入門篇の動画に続いて、実際にAdobe Analyticsを導入しようとなったときに便利な動画集の紹介です。
一般的にはAdobe Analyticsの導入は以下のプロセスで進めていきます。入門篇に出てきた分析サイクルとほぼ同じです。

Adobe Analyticsの解説動画がupdateされているので、まとめてみた(導入実践篇)

1. ビジネス要件定義書をつくる

ウェブ分析ツールの導入でBusiness Requirements Documents(ビジネス要件定義)、というと仰々しく聞こえるかもしれません。ここでは「分析プロジェクトにおけるビジネス上の課題解決は何かを特定すること」を「ビジネス要件」として捉えてもらえるとよいです。

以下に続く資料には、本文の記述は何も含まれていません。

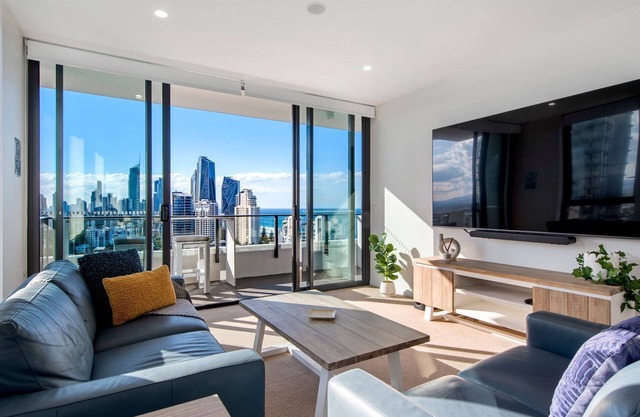 2 Bedroom Broadbeach Stay – Walk to Beach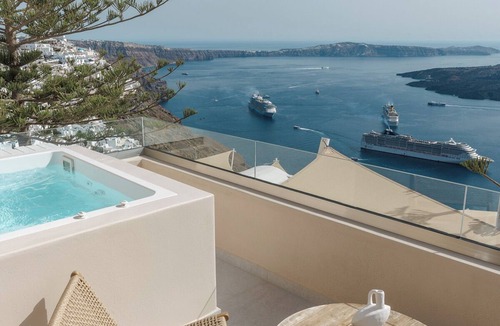 Firostefani Apartment | Morfes - Deluxe Suite with Hot Tub and Sea View by Caldera Houses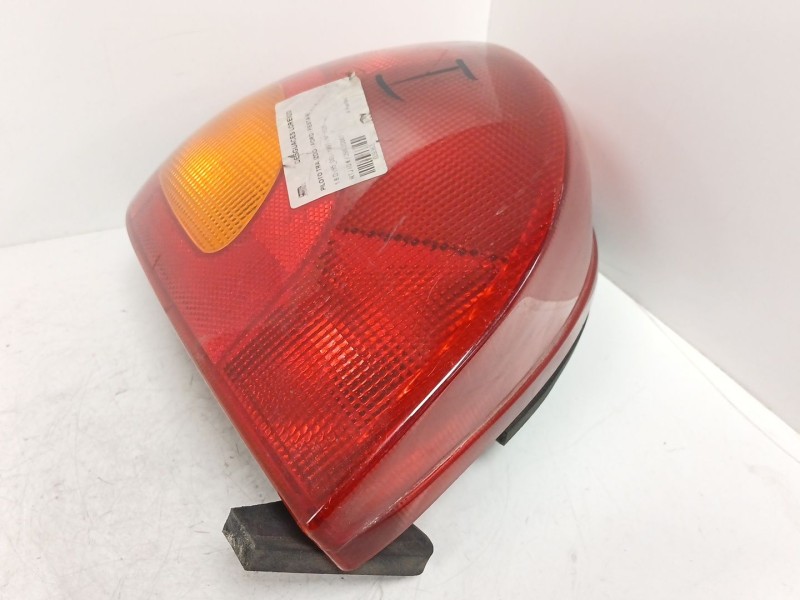 Recambio de piloto trasero izquierdo para ford fiesta berlina 1.8 diesel cat referencia OEM IAM   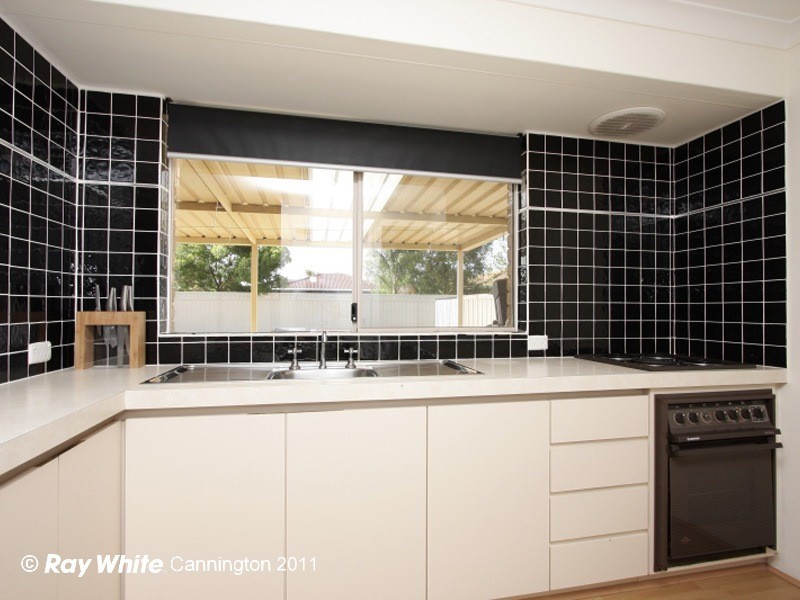 135 Seville Drive, Seville Grove WA 6112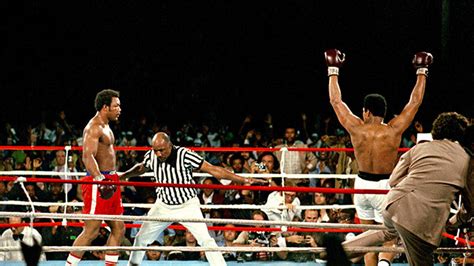 October 30 1974 Muhammad Ali Wins The Rumble In The Jungle To Regain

分析ツールを入れて、何を知り、何に対する問題に気づき、解決策を考えたかったのか、という根本の部分を明確にすることで、計測するデータの無駄を省き(導入コストの節約)、導入直後の活用をスムーズにまわすことができます(運用管理コストの節約)。

実際に私が業務で携わるときにも、ここのプロセスは時間をかけます。いきなり「計測するデータは〜、設定は〜」、という話にはせず、何を知るための分析ツールなのか、を定めます。非常に重要なプロセスである一方、コミュニケーションの齟齬を生むことが多く、要件定義をめぐる混乱が現場でよく起きます。

うまく要件定義をするために必要な視点は、「全社にとって」「どの部門にとって」、「誰にとって」といった切り口で目的をブレイクダウンすること。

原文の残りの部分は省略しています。